Campus town hall meeting will focus on School of Medicine

Contact: Cheryl Roland

KALAMAZOO--Western Michigan University's new School of Medicine will be the topic of a campuswide town hall meeting set for 4 p.m. Tuesday, Feb. 14, in the Bernhard Center's South Ballroom.

WMU President John M. Dunn and the medical school founding Dean Hal B. Jenson will lead the discussion and take questions from faculty, staff, students and other members of the campus community. The town hall is the first of what is expected to be a series of such meetings for WMU and its partners in the medical school, Borgess Health and Bronson Healthcare, as well as the Kalamazoo Center for Medical Studies, which will be merged into the medical school on July 1. Similar meetings are being scheduled at the other organizations.
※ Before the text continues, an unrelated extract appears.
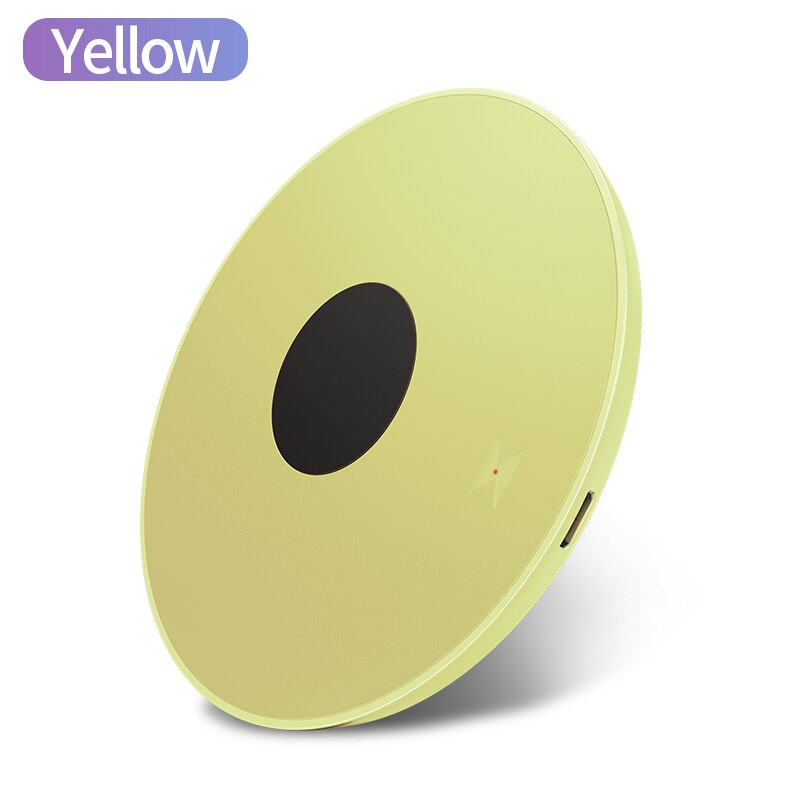 Udyr-cargador inalámbrico Qi para Samsung Galaxy S10, S9/S9 + S8, Note 9, almohadilla de carga rápida para iPhone 11 Pro, XS, Max, X, XR, 8 Plus, 10W: Yellow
"The School of Medicine has frequently been the topic of questions in other campus forums," says Bob Miller, who leads the school's communication committee. "The school is now at a point in which substantial progress is being made in a number of critical areas, and milestones are rapidly being met. We want to make sure our campus community has an opportunity to fully understand, engage and become well informed about an initiative that will transform our University and community."

WMU's new School of Medicine is a partnership involving the University and Kalamazoo's two teaching hospitals, Borgess and Bronson. It has been in planning for four years, and fundraising, accreditation work and curriculum development for the school are well under way. Expected to welcome its first class in fall 2014, the school is a privately funded initiative housed at WMU. In March, WMU announced a foundational gift of $100 million for the medical school from anonymous donors.

Recent developments include the donation in December by MPI Research of a large pharmaceutical research facility in downtown Kalamazoo to become home to the school, the appointments of several to leadership positions in the school and the first faculty appointment, and the announcement earlier this month of the July 1 KCMS merger into the medical school.